L’Université de Strasbourg a-t-elle contribué à des avancées européennes tant par la formation que par la recherche ?
L’université a été un vrai terrain d’expérimentation en matière de coopération universitaire transfrontalière. Eucor montre ce qu’on peut faire en termes de dépassement de la frontière. L’Unistra a également joué un des tous premiers rôles pour l’accueil des étudiants étrangers. Nous avons très tôt rendues obligatoires des années universitaires à l’étranger dans certains de nos cursus.

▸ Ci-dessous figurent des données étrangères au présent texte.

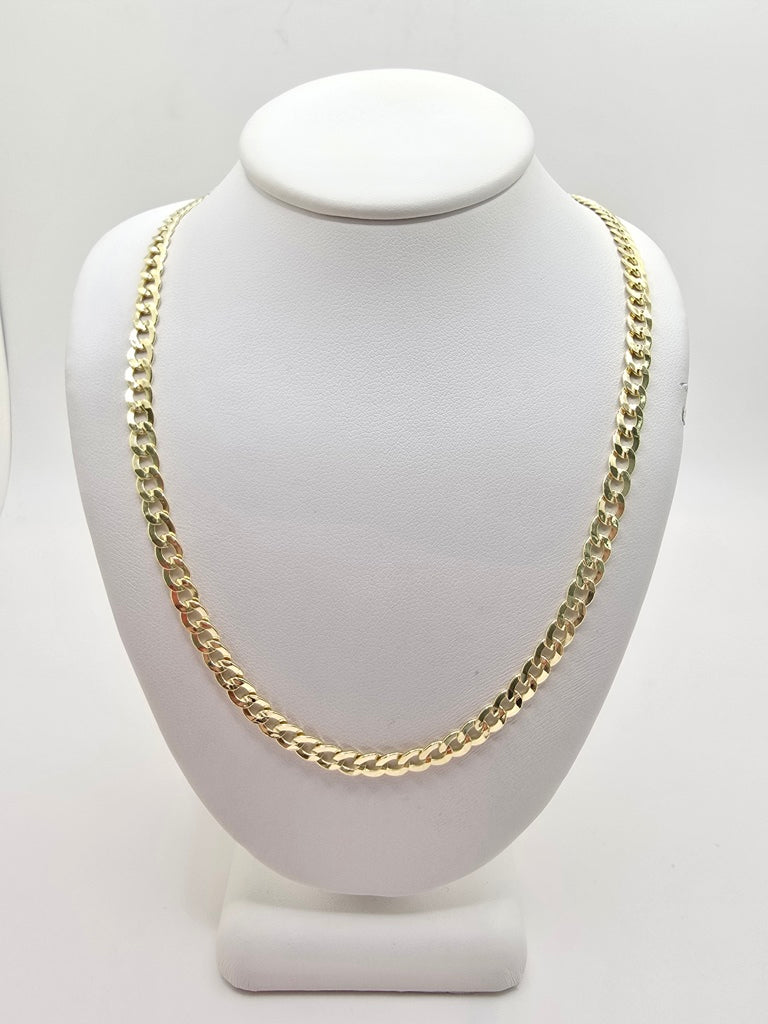 14KT HOLLOW CUBAN CURB FLAT CHAIN Size 20INCH 5MM Weight 9.7GR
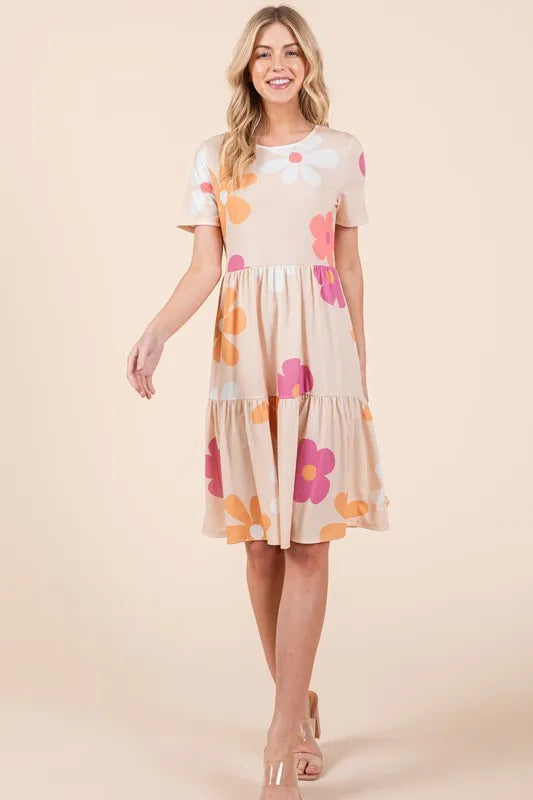 BOMBOM Floral Round Neck Short Sleeve Tiered Dress - Brittney MADE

Ce n’est pas rien, tant la coopération est un des fondements de l’Europe. Pour répondre plus précisément à votre question, je voudrais également parler des écoles politiques du Conseil de l’Europe auxquelles des enseignants de l’IEP de Strasbourg ont participé après la chute du Mur de Berlin. Ils partaient former des responsables des pays de l’Est de l’Europe, par exemple dans le Caucase, aux rouages de la démocratie. Cela perdure d’ailleurs aujourd’hui à travers le Forum de la démocratie.
Compte tenu de la crise que connaît aujourd’hui l’Europe, l’Université de Strasbourg aurait-elle raté un épisode ?
Je ne sais pas si nous avons raté un épisode, mais cette crise nous amène à ouvrir des chantiers que nous avons peut-être négligés. En fait, nous nous sommes surtout intéressés à la construction européenne sous l’angle d’un processus linéaire, fonctionnaliste et sous l’aspect de l’européanisation. Or, les crises actuelles nous montrent que c’est beaucoup plus complexe. Nous devons investir de nouveaux terrains de recherche. En 2009, au moment de la crise financière, nous avons par exemple ouvert des chantiers sur l’anti, l’alter, l’euroscepticisme. Il y a quelques années, nous avons lancé les débats sur l’Europe en question. Encore faut-il lire les travaux des chercheurs : c’est un vrai défi !
Le 10 août 1949, l’Assemblée consultative du Conseil de l’Europe se réunit pour la première fois à Strasbourg dans l’aula du Palais universitaire sous la présidence provisoire d’Édouard Herriot. Dès le lendemain, le délégué socialiste belge Paul-Henri Spaak, précédemment ministre des Affaires étrangères, est élu à la présidence de l’assemblée.